→ **YOUR INSTRUCTIONS**
Take the lines from the one with "311 S ISLE DRIVE" through the end of the material below and repeat them exactly, dropping every picture.
=== INPUT MATERIAL ===
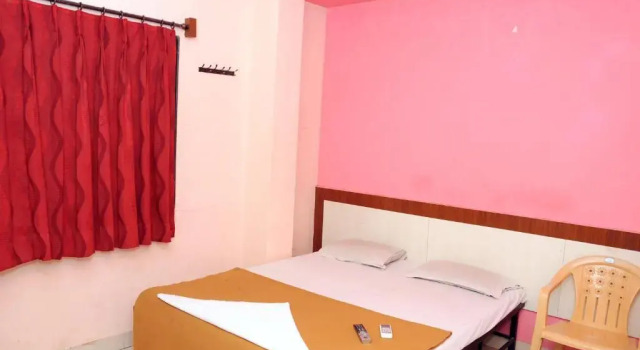 Hotel Sai Darshan, Забронировать Отель Ширди штат Махараштра, рядом с Железнодорожный вокзал Сайнагар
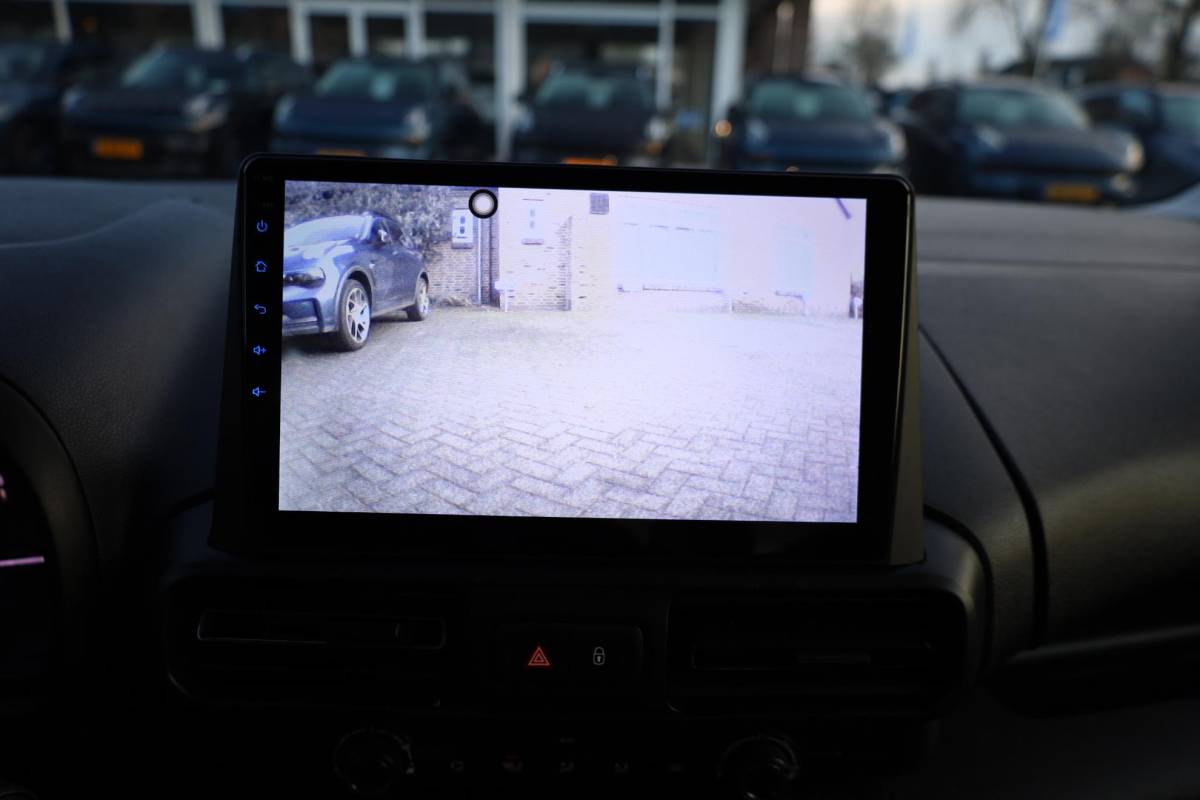 Citroën Berlingo Citroen Berlingo 1.2 PureTech TREKHAAK CARPLAY CAMERA CRUISE VERKEERSBORD/RIJBAANDETECTIE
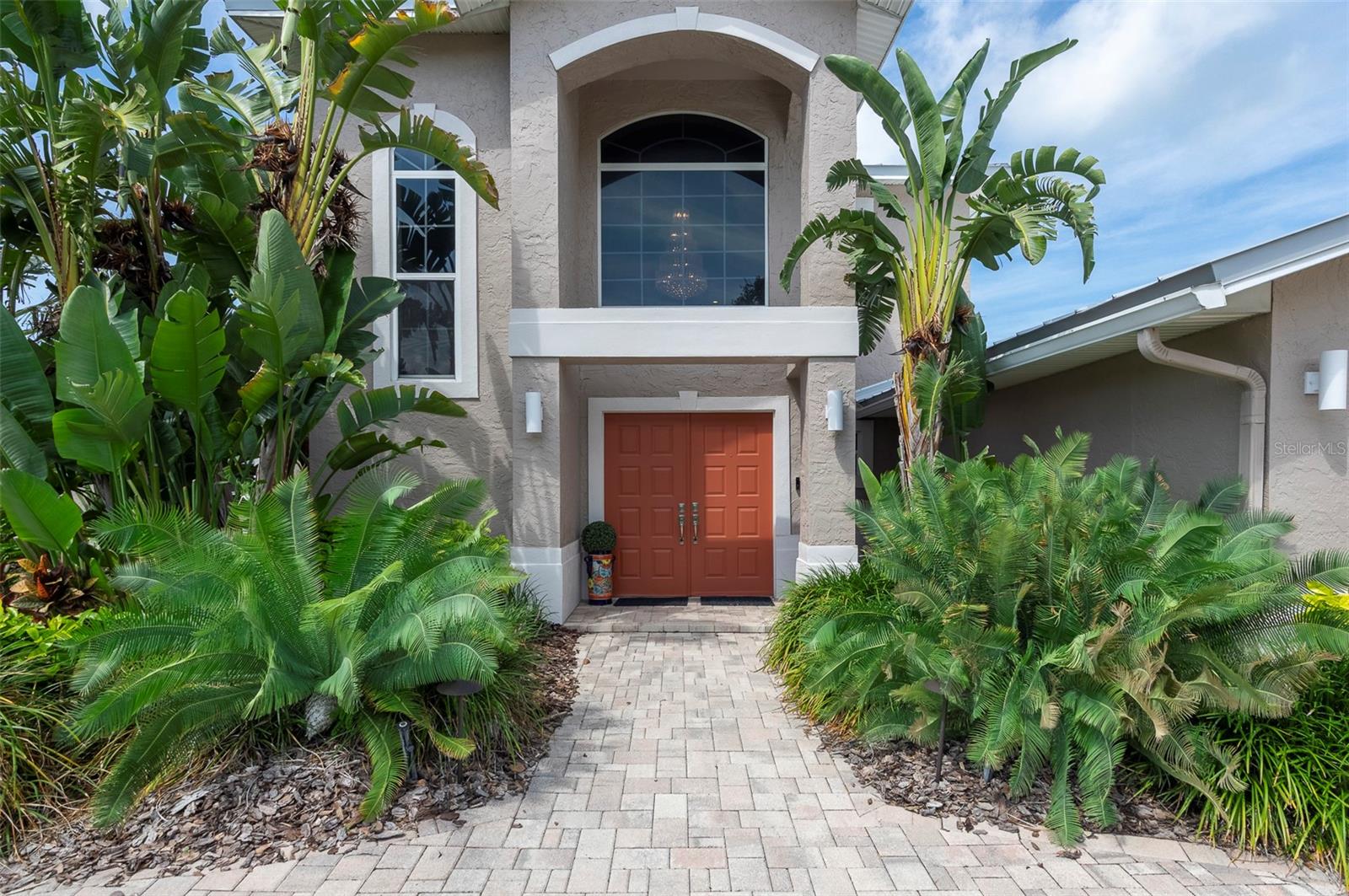 311 S ISLE DRIVE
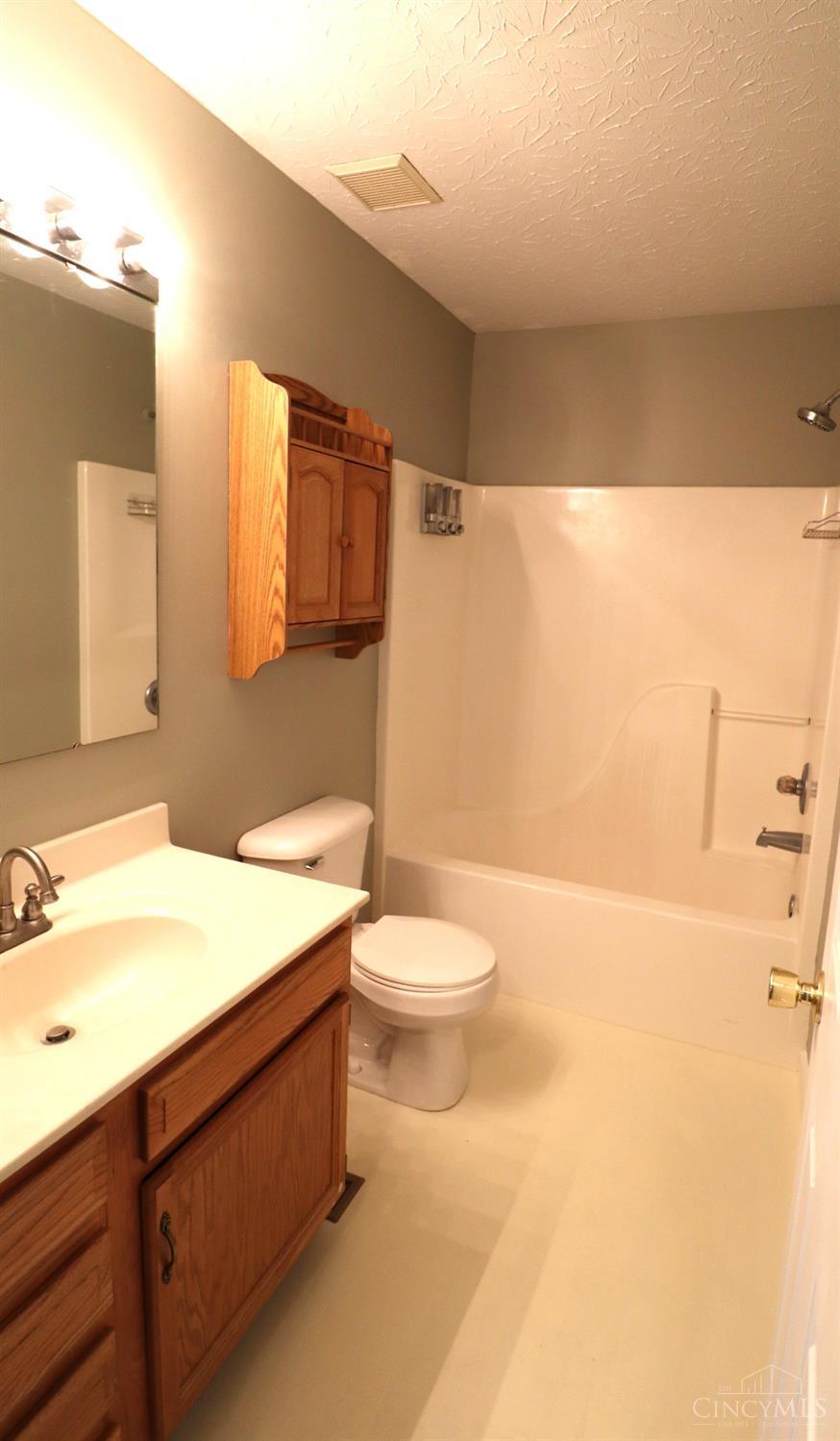3540 W Galbraith Road, Colerain Twp, Ohio image 23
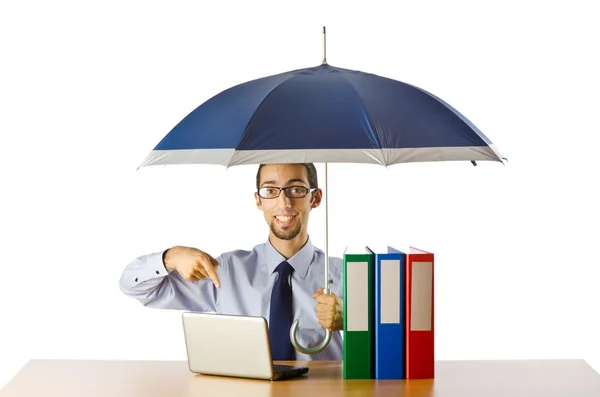 Affärsman som innehar paraply på kontoret — Stockfoto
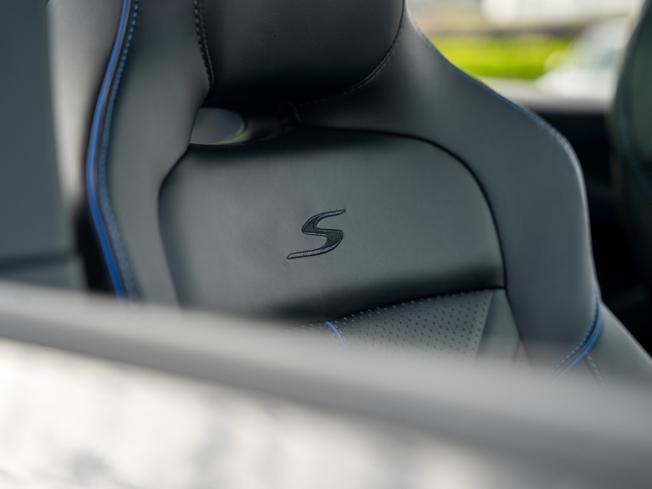 ASTON MARTIN Dbx Photo 22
===
→ **EXERCISE RESPONSE**
 311 S ISLE DRIVE
3540 W Galbraith Road, Colerain Twp, Ohio image 23
 Affärsman som innehar paraply på kontoret — Stockfoto
 ASTON MARTIN Dbx Photo 22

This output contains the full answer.